Action: Sterilize predators
Key messagesRead our guidance on Key messages before continuing
- One study evaluated the effects on potential prey mammals of sterilizing predators. This study was in the USA and Canada.
COMMUNITY RESPONSE (0 STUDIES)
POPULATION RESPONSE (1 STUDY)
- Survival (1 study): A before-and-after study in the USA and Canada found that sterilising some wolves (combined with trapping and removing others) did not increase caribou survival.
BEHAVIOUR (0 STUDIES)
Predators can limit population sizes of prey species. Changes in habitat or land management can lead to increases in predator populations which might negatively affect prey. Removing or controlling predators, especially native predators, for the benefit of their wild prey species can be a controversial management strategy. Nonetheless, there is potential for such management to lead to increases in the abundance, survival or reproduction success of prey species. Sterilization of predators may be proposed as an alternative strategy that may be regarded as being more acceptable than removal or lethal control.

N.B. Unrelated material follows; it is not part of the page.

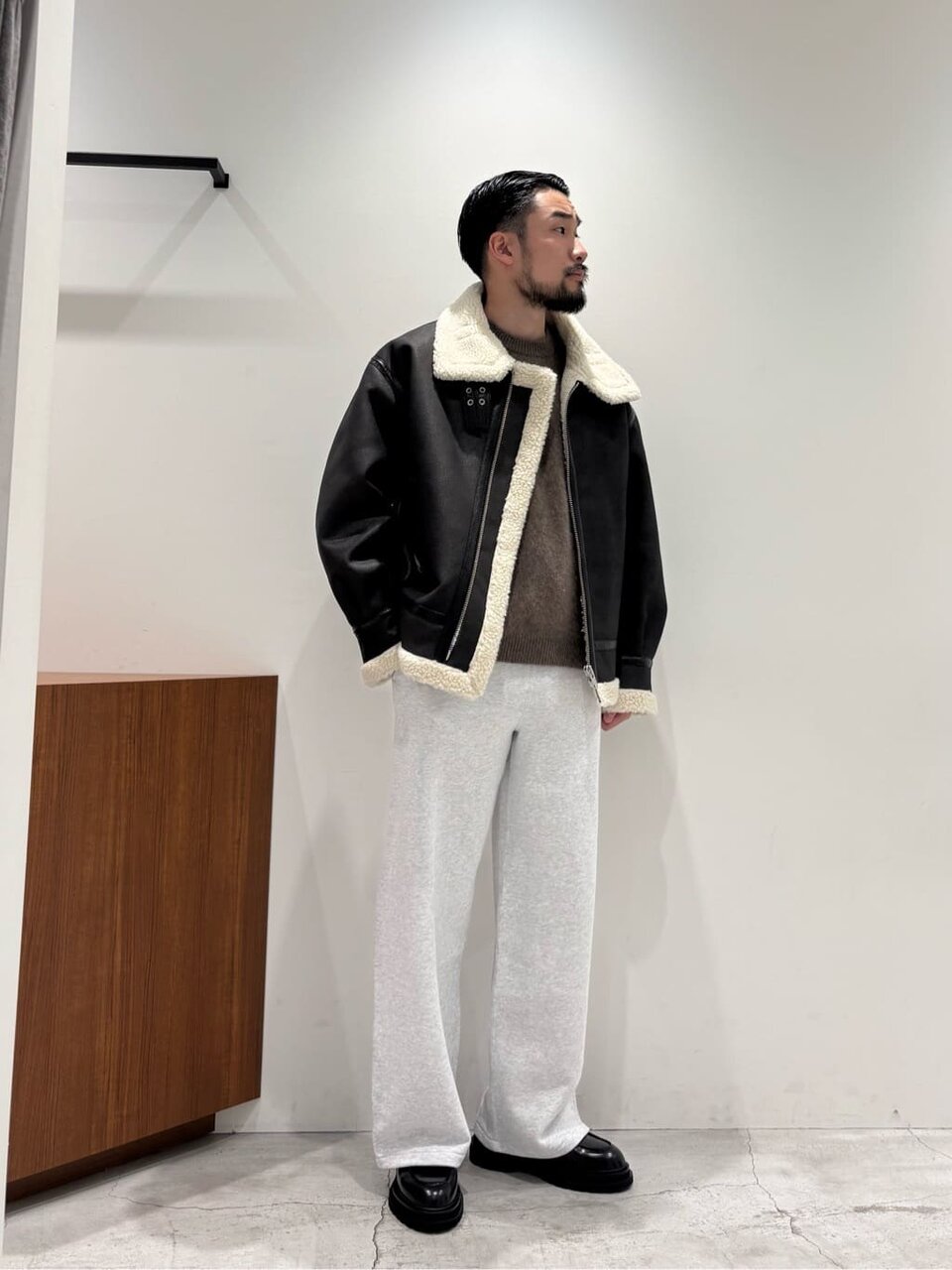 ボアジャケットとスウェットパンツを着た男性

Supporting evidence from individual studies
A before-and-after study in 1994–2002 in a large forest and shrubland area in Alaska, USA and Yukon, Canada (Boertje et al. 2017) found that sterilising some wolves Canis lupus (and trapping and removing others) did not reduce caribou Rangifer tarandus mortality. The annual mortality of caribou calves (≤1 year old) did not differ after wolf sterilization and removal commenced (50–67%) compared to before (39–65%). Adult female (≥1 year old) annual mortality was also similar after wolf sterilization and removal commenced (9–10%) compared to before (9%). In a 50,000-km2 study area, 52–78 newborn caribou calves/year were radio-collared in May 1994–2002. In fifteen wolf packs, the dominant pair was sterilized in November 1997 and remaining wolves in those packs were translocated, mainly in April 1998. Eight additional packs were similarly treated over the following two winters. Caribou mortality was measured over four years before and five after wolf control commenced during ≥3 aerial surveys/year.